Transaction Initiation
Start the Transaction: A transaction begins when an application or user requests to perform
an operation that will modify the database. This is typically done by sending a BEGIN
TRANSACTION command (in SQL).
Establish Transaction Context: Ensure the necessary context (like user identification and
session details) is established for auditing and tracking.
Transaction Execution
Data Manipulation: During the execution phase, the transaction performs operations such
as inserts, updates, or deletes on the database. These operations are not yet permanent.
o Atomicity: Ensure that operations are grouped in a way that they all succeed or fail
together. If any operation fails, the entire transaction must be rolled back.

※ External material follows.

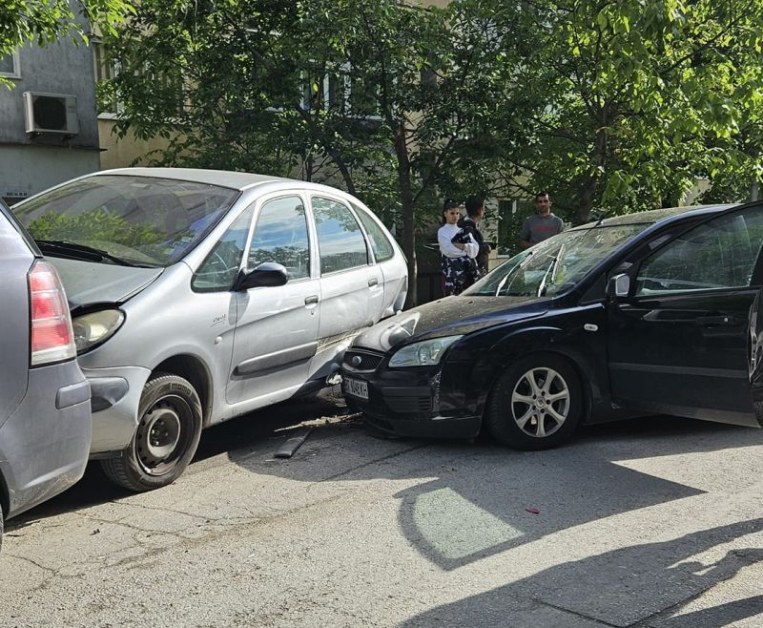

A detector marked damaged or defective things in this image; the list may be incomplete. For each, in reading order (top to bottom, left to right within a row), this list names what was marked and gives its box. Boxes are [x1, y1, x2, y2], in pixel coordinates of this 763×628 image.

damaged hood [47, 258, 165, 312]
damaged hood [354, 294, 548, 354]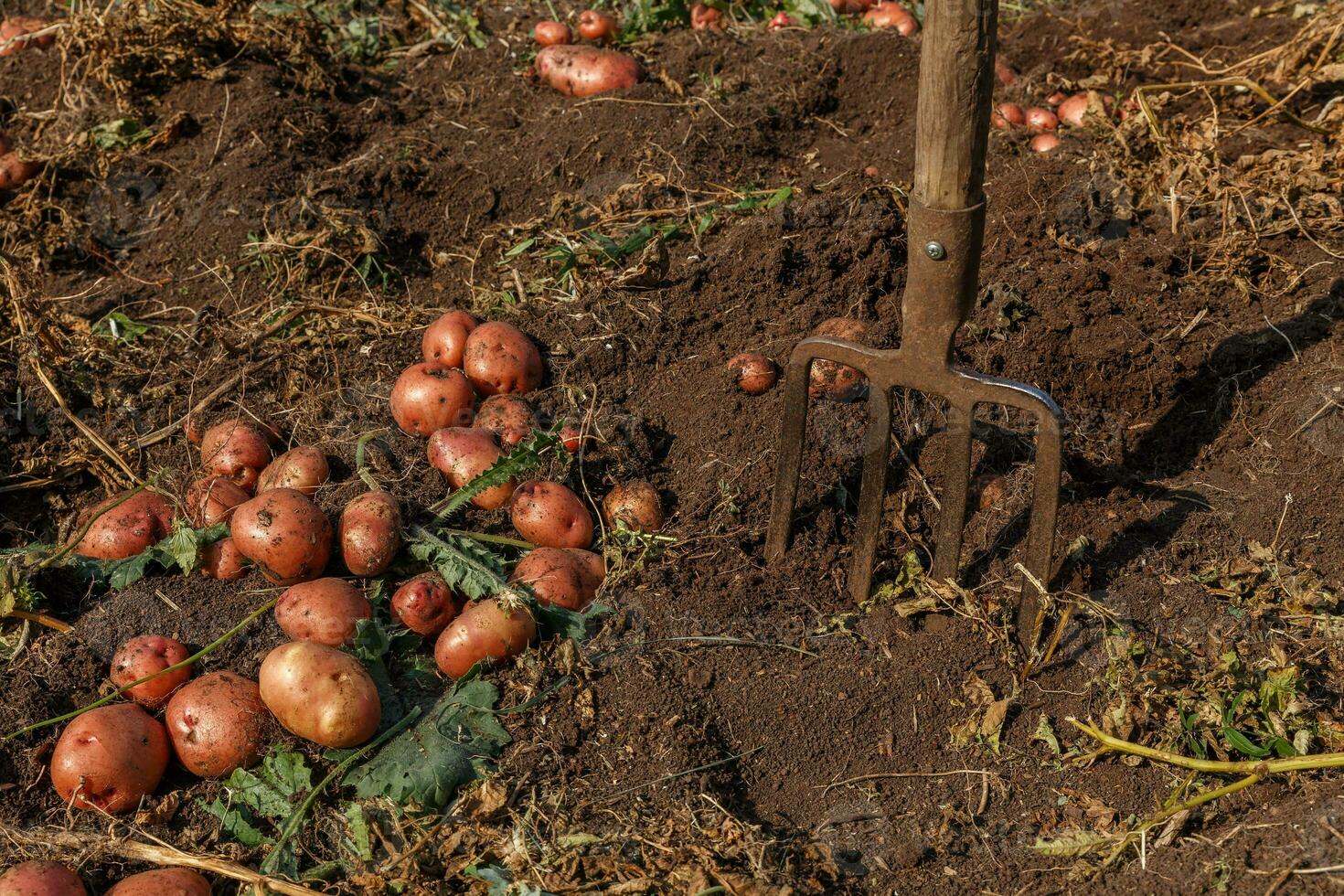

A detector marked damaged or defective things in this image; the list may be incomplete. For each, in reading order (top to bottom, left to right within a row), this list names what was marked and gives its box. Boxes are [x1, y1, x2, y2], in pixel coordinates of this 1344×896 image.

o Consistency: Ensure that the database maintains its consistency rules, such as
constraints, triggers, and referential integrity.
o Isolation: Ensure that the changes made by the transaction are not visible to other
transactions until the transaction is committed. Techniques like locking, multiversion
concurrency control (MVCC), or isolation levels (e.g., Serializable, Read Committed) may
be used.
o Durability: Once committed, the transaction’s effects must be permanent, and even if the
system crashes afterward, the data must remain intact.
Concurrency Control
o Locking Mechanisms: Use locks (e.g., shared or exclusive locks) to prevent conflicts
between concurrent transactions that may lead to inconsistencies or conflicts.
78
o Deadlock Detection and Resolution: Implement techniques for detecting deadlocks
(where two or more transactions are waiting for each other to release resources) and take
corrective actions, such as rolling back one of the transactions.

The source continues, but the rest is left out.